## YOUR INSTRUCTIONS
Reproduce the material below only from the line with "Thomas & Betts" to the line with "Beli Lastikli Bol Paça Cupro Pantolon", both included, keeping each line exact and dropping the pictures.

## INPUT FOR THIS TASK
-------
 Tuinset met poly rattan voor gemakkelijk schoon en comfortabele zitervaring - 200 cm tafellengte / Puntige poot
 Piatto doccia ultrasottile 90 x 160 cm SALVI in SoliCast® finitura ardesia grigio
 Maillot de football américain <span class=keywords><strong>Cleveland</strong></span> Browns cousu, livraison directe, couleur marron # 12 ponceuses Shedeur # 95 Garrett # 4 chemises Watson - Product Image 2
-------
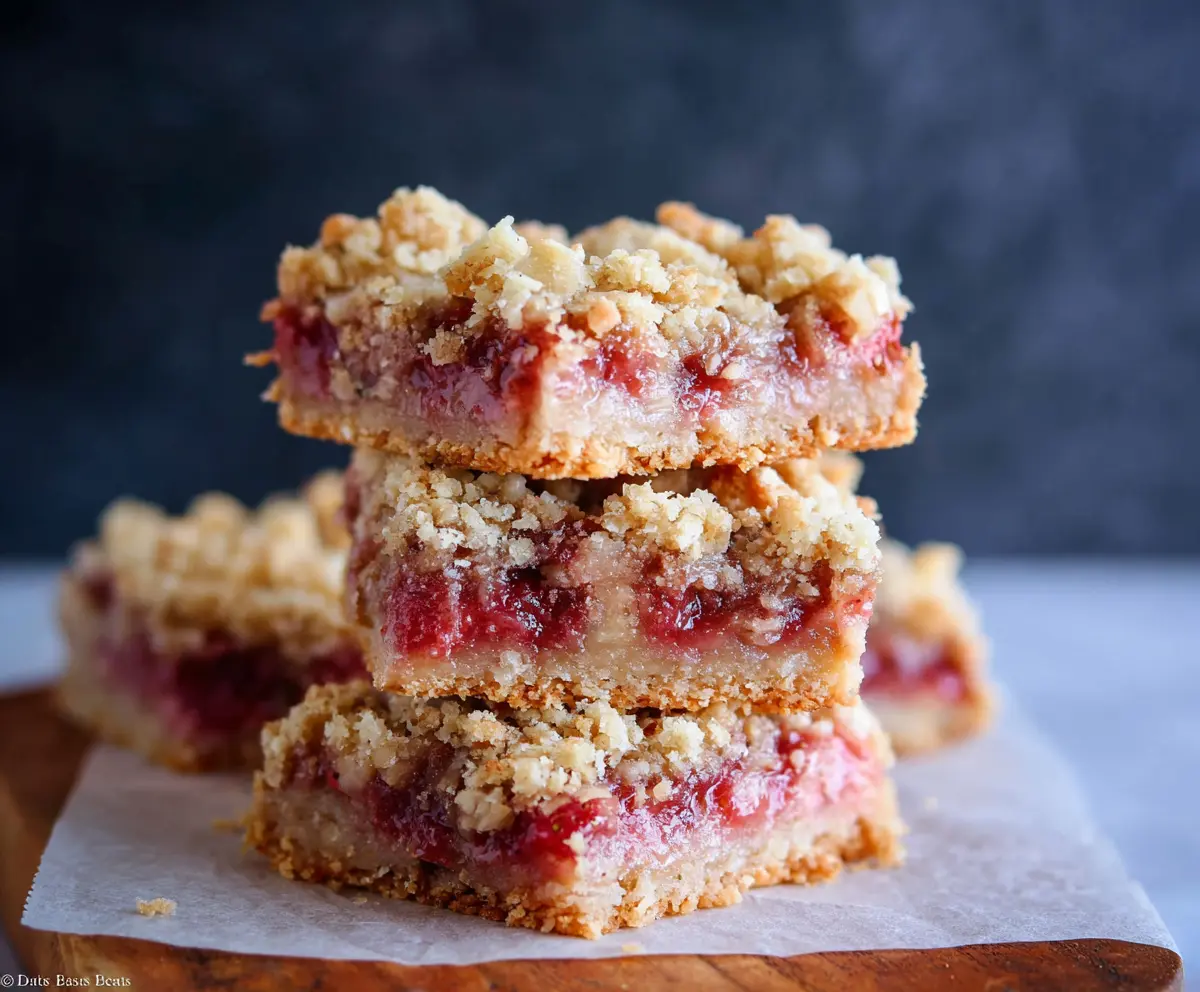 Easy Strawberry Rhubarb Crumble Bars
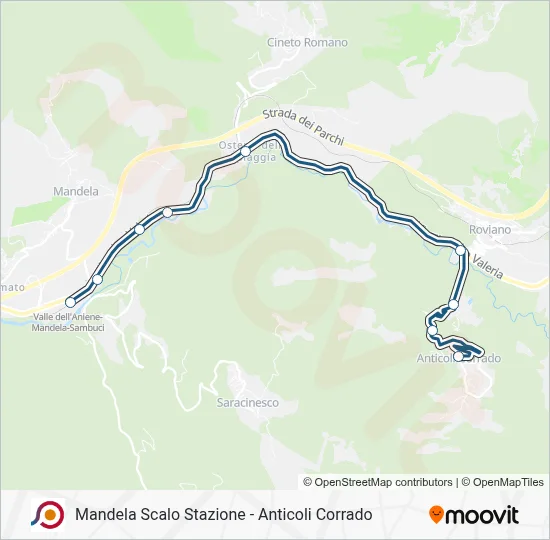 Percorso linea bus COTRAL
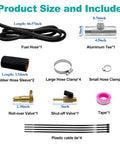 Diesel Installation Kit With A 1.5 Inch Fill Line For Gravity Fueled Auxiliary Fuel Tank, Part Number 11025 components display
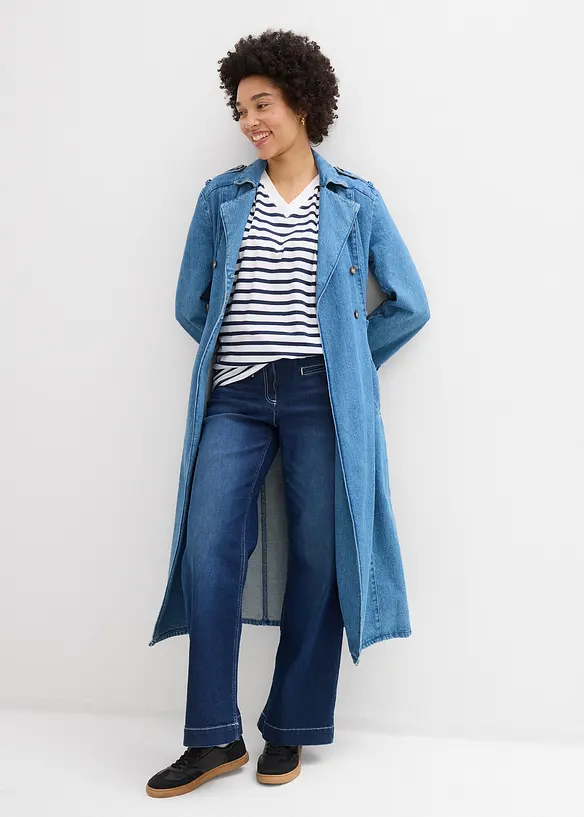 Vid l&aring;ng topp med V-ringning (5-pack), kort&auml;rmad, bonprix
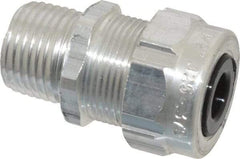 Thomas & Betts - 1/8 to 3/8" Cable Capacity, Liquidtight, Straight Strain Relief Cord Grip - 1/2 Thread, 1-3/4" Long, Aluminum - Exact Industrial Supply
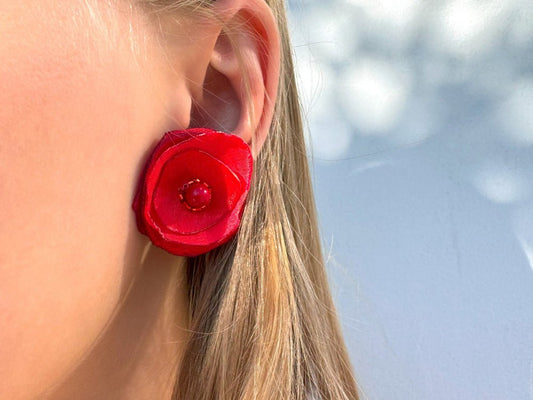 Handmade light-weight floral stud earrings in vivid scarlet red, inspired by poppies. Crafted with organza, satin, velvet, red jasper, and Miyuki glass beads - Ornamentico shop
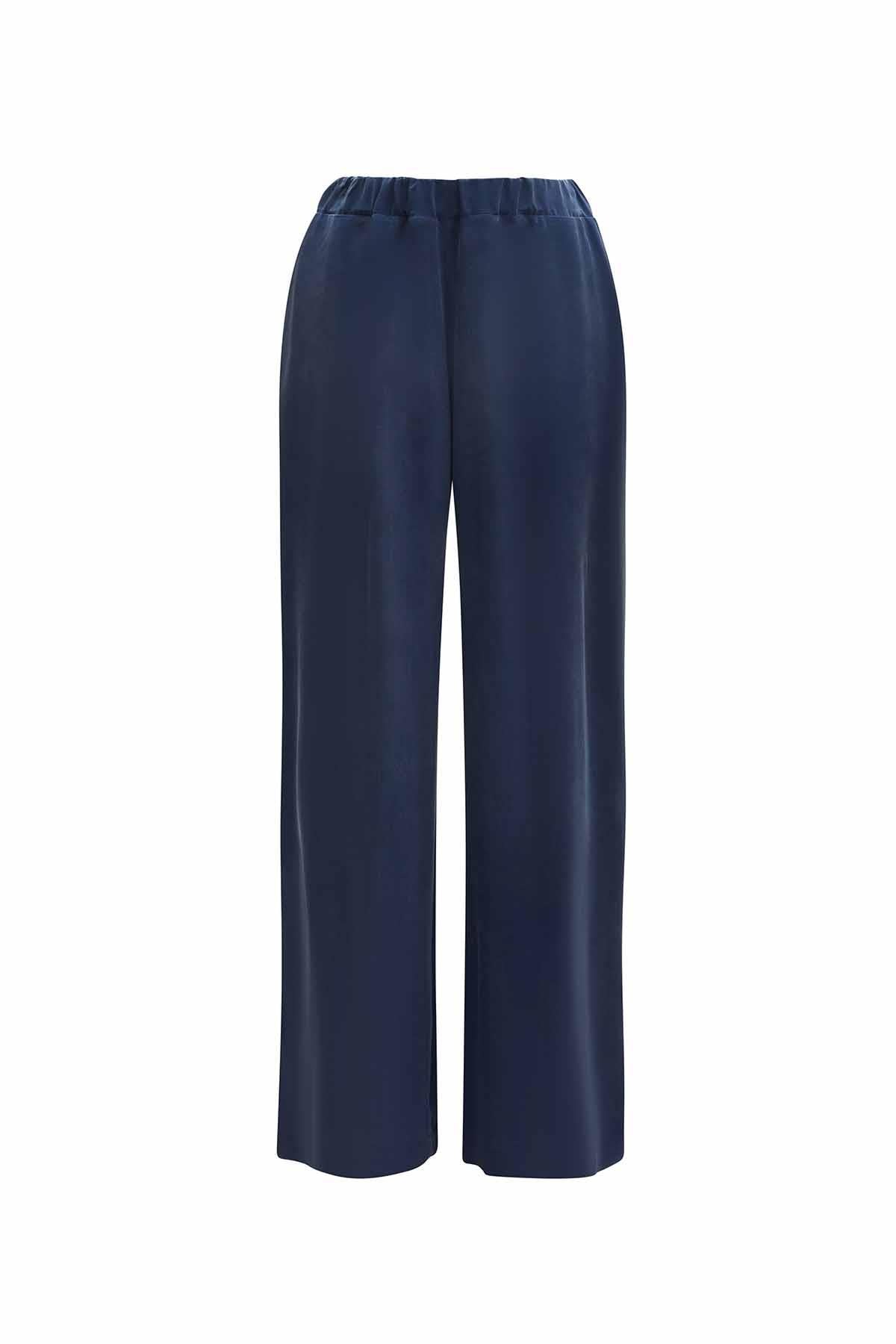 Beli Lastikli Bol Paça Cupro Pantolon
-------
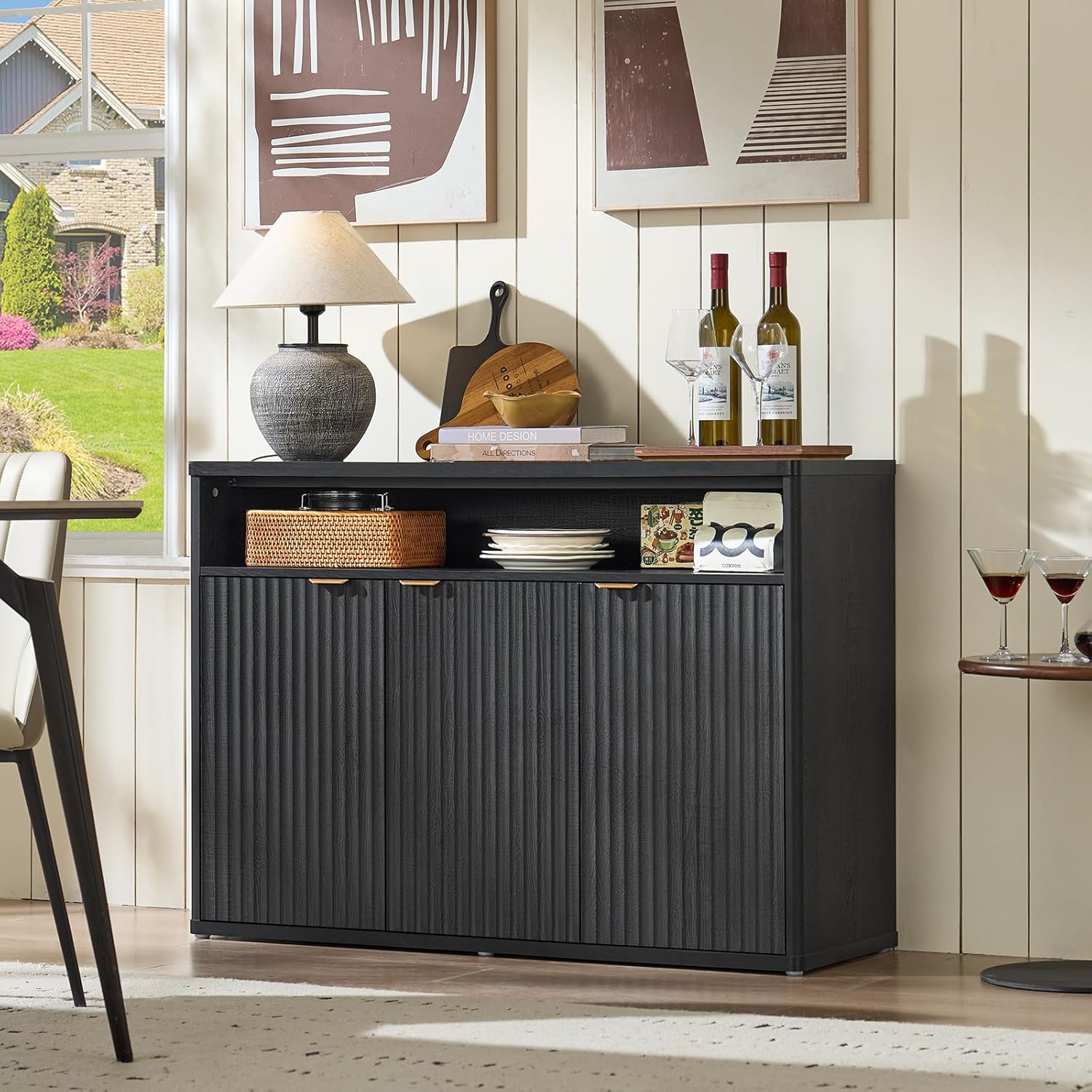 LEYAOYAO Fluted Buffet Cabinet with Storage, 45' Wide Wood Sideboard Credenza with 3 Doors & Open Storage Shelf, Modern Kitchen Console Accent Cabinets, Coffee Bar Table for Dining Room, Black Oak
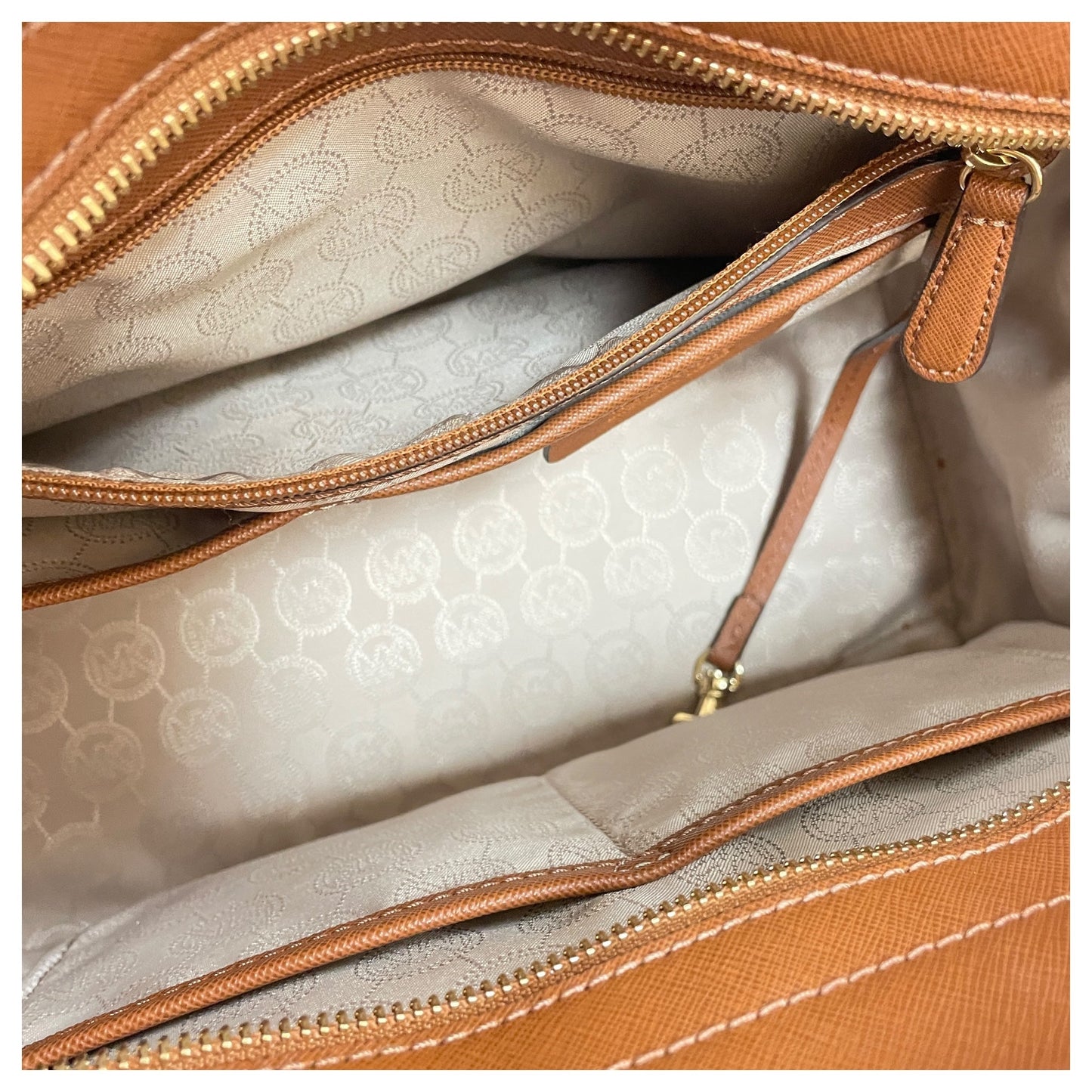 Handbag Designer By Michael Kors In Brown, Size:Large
-------
## REPLY TO THE TASK
 Thomas & Betts - 1/8 to 3/8" Cable Capacity, Liquidtight, Straight Strain Relief Cord Grip - 1/2 Thread, 1-3/4" Long, Aluminum - Exact Industrial Supply
 Handmade light-weight floral stud earrings in vivid scarlet red, inspired by poppies. Crafted with organza, satin, velvet, red jasper, and Miyuki glass beads - Ornamentico shop
 Beli Lastikli Bol Paça Cupro Pantolon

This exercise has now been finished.